Alysse walking down the street on the way to her first Airbnb in Enoshima.

Alysse's stuffed travel companion, Momo the dog, sitting at the table in a traditional style Airbnb in Hakone.

Embracing cultural differences

The differences only continued from there, big and small alike. It was exciting to recognize the things we had learned in our culture course alive and in practice around us—the way my sister and I observed and employed daily, educational, and restaurant etiquette among others was heavily lifted from CulturaGo. We also acknowledged the differences in the more put-together and businesslike everyday fashion, the ease and punctuality of public transit, and the overwhelming walkability of the country as a whole. Most common of all, we bowed (a lot)!

Alysse walking down a colorful Osaka street as she heads towards the train station to go back to Tokyo.

My sister, Holly, in particular, was eager to make use of Japan’s overarching and easily-accessible public transport as we learned about it through our course. I credit her with setting up our best adventures, ones that took us easily from Tokyo down the length of Japan’s main island of Honshū. We visited multiple traditional homes, the cat island of Enoshima, Kyoto’s famous bamboo forest, Fuji-Q amusement park, Universal Osaka, the hot springs in Hakone, too many karaoke and arcade places to count, and then some.

Holly taking pictures in the bamboo forest of Kyoto.

Getting ahead in classes

Amidst all this, of course, we were studying, and required to do at least seven hours of Japanese classes a week. The CulturaGo course ended up even coming in handy here, as it introduced me to some vocabulary that was not only useful in daily life, but my classes too. Learning a lot in a relatively short amount of time, it was easy to get overwhelmed.
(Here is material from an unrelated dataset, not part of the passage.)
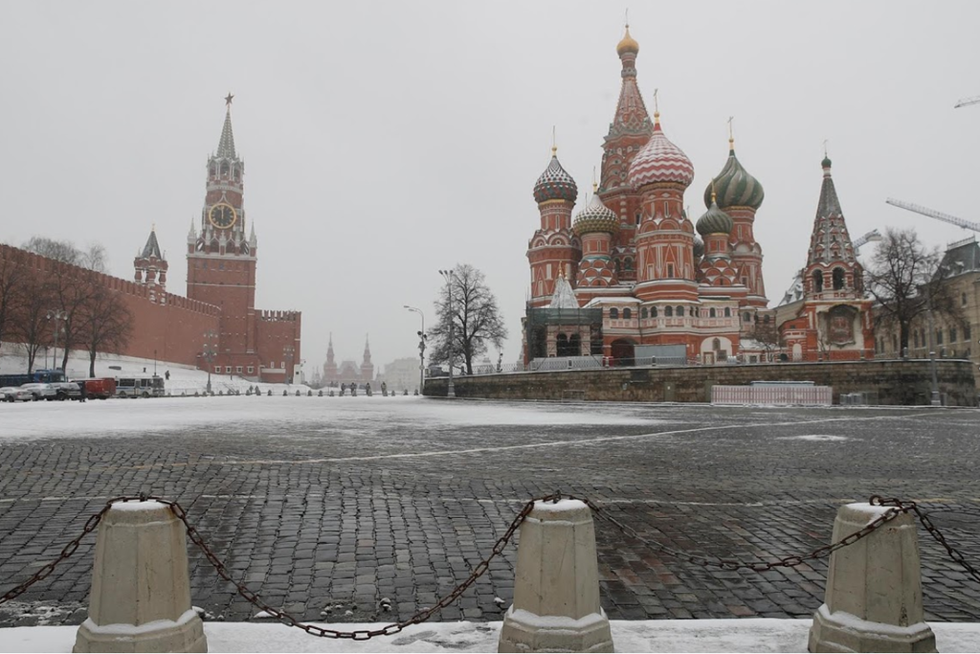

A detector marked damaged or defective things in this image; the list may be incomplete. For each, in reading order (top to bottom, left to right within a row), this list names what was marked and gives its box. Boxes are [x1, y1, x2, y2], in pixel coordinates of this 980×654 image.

rusty metal chain [580, 498, 916, 576]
There were a lot of longer words that I couldn’t seem to memorize, but there was one that I don’t think I’ll ever forget now. “Jidouhanbaiki” (自動販売機), a word meaning “vending machine” that I learned during my CulturaGo lessons, popped up in one of my quizzes at Waseda University. Having a head start caused this word to stick in a way I never expected it to, but I’m very proud and happy that it has.

A worthwhile and full experience

As my time in Japan began to draw to a close at the end of the summer, that uncomfortable but reminiscent feeling of “where did the time go” began to gnaw at me. Even now, safely back home in Virginia, I still feel it. To the fullest extent, I had wanted to get to know Japanese culture as close as possible to the same way I knew my own, and with the help of CulturaGo, I truly feel like I did. The connections I made overseas and the wonderful people whose acts and words of kindness have touched my life are a testament to that, and I know that these things will stay with me forever.



We hope Alysse's story is only the first of many to come and look forward to soon hearing more from our course learners about their experiences abroad.